Many companies with older policies on their books have offered a 0-day stay to replace a three-day stay that were in contracts. Speaking from experience with a company he had worked with, Glowacki said that when such a switch was offered, 60% of contract holders elected to take the 0-day option.

Another feature being elected by significant numbers of contract holders, particularly younger buyers, is inflation protection, he said.

Care coordination was also touched upon. This occurs when a carrier contracts with a care coordinator to go out and assist contract holders in locating and providing services. It can be particularly valuable when there is a distance between family and a contract holder, he added. “We dont see any health care coordinators trying to skinny down benefits,” he said.

On that issue, Bonnie Burns, a NAIC-funded consumer advocate and a director of consumer education with California Health Advocates, Scotts Valley, Calif., said “the independence of the care coordinator from the carrier as well as payment for ongoing care management after the initial care coordination is put in place” are two points that need to be examined.

“There is still a lot of confusion about the marketplace,” she said, which may be compounded because it continues to change.

Consequently, uniform regulation is important to the consumer, she said, but what LTC insurance counselors are finding when consumers come to them for help is that there is not much uniformity. What companies and agents are and are not allowed to do varies by state, Burns said.

One goal of any regulatory efforts should be to remove the guesswork consumers face with what is a complex product, according to Burns.

Uniformity is also important to companies, said Glowacki. With the increase in sales through worksite marketing, uniformity will become more important because lack of uniformity can cause differences in the same contract for employees in the same company, he said. For example, Glowacki continued, employees of the same employer in different states with the same contract could conceivably pay different premiums because of variations in state regulation.
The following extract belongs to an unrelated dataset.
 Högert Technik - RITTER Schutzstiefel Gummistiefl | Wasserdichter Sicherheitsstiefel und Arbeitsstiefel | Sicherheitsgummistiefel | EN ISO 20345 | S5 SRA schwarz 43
Burns raised another issue regarding the ability of a producer to self-certify and assume the role of LTC specialist. Most states dont require training and when they do, there are so many different programs, she said.

Proper training is needed, she continued, because “there is a lot of activity in this marketplace and not all of it is high caliber.” However, she also noted that there are a lot of hard-working agents.

The NAIC could set the standard for what is good training, Burns said.

And, as the current model is examined, it will be important to pay close attention to language, she explained. Companies can avoid being subject to the requirements in current laws, Burns said. As an example, she said a requirement of 12 months of coverage for products advertised or marketed as LTC insurance can be circumvented by offering contracts with coverage for shorter durations. In California, that issue was resolved by including language that says “any product that provides a benefit,” Burns added.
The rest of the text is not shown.